Thursday, September 8, 2016

CS222: Teaching students to talk to the client

The theme for the second week of CS222 was Test-Driven Development, particularly the process of determining what test cases should go onto a Beck-style to-do list. I chose the context of a simple text analyzer—a tool with a simple JavaFX UI that takes input text and does some computation over it. The first example I walked through was word counting, just breaking up a string based on whitespace.

The second example I chose was average word length: given a string of words, what is their average length? I explained this to the students and, as an in-class exercise, they broke into ad hoc groups and started coming up with test cases. I gave them fifteen minutes or so, and then we shared our lists. Many of the groups realized that, in order to do average word length, we needed to be able to compute word length, although none of them explicitly extracted this as a separate problem.
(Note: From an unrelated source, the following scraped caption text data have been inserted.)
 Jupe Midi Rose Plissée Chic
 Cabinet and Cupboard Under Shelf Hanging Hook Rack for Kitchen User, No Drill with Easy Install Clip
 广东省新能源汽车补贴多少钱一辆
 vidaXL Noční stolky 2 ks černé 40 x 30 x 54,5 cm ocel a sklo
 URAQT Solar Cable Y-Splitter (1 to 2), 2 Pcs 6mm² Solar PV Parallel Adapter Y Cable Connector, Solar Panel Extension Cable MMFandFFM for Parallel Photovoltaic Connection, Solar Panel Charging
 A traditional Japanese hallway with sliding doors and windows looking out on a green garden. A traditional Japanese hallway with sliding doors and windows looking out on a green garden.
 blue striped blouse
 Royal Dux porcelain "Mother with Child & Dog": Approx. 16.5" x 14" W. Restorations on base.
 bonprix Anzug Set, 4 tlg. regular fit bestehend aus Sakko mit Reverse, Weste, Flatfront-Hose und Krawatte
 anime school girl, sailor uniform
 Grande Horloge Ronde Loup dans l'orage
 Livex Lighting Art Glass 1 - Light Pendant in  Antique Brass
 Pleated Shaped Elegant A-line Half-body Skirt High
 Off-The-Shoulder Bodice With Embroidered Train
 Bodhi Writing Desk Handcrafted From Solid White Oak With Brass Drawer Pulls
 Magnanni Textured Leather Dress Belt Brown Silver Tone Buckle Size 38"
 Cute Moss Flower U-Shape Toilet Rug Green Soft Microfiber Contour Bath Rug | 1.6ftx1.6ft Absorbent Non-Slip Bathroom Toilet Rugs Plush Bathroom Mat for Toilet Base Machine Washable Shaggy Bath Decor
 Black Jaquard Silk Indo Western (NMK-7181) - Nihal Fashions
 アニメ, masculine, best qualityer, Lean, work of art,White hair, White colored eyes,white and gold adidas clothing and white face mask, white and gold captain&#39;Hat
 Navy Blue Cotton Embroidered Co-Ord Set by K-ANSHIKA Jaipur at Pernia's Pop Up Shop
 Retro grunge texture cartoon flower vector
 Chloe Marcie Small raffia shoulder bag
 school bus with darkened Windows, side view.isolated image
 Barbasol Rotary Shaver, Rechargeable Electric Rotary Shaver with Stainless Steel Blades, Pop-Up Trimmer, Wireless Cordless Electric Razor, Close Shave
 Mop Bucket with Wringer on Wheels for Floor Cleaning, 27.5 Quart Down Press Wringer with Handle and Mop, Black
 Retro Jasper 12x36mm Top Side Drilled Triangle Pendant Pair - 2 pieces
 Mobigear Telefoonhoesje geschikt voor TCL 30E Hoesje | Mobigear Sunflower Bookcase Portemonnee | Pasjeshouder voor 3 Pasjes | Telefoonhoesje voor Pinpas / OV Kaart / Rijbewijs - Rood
As they started sharing their test cases, they realized there were ambiguities: some groups were counting apostrophes and dashes as part of the word length, and some were not.

This was a great hook for me to intervene and talk about the dangers of assumptions. Rather than make something up that they wanted, they need to work with the client—or, in this case, the professor as client-surrogate. We also talked about how working on one task may reveal another dependency, and that we can make a separate TDD task list for that. We had some time left, so I told them to shift gears: come up with the list of test cases one could use to write a word length function.

They started, and I wandered the room, giving them about five minutes to complete the task. Then, I stopped them, and informed them that they had all failed. The students looked up at me with a combination of confusion, terror, curiosity, and amusement. "Why," I asked, "did you all just fail?"

With a smile on her face indicating she knew exactly what had happened, a student said, "We just made stuff up. We did not ask the client how word length should be defined."

"Exactly."

It was one of those moments where you can feel the learning in the air.

I wrote down a shorter version of this story in my notes. It was a happy accident this time, but I think it's something I'd like to try to do again.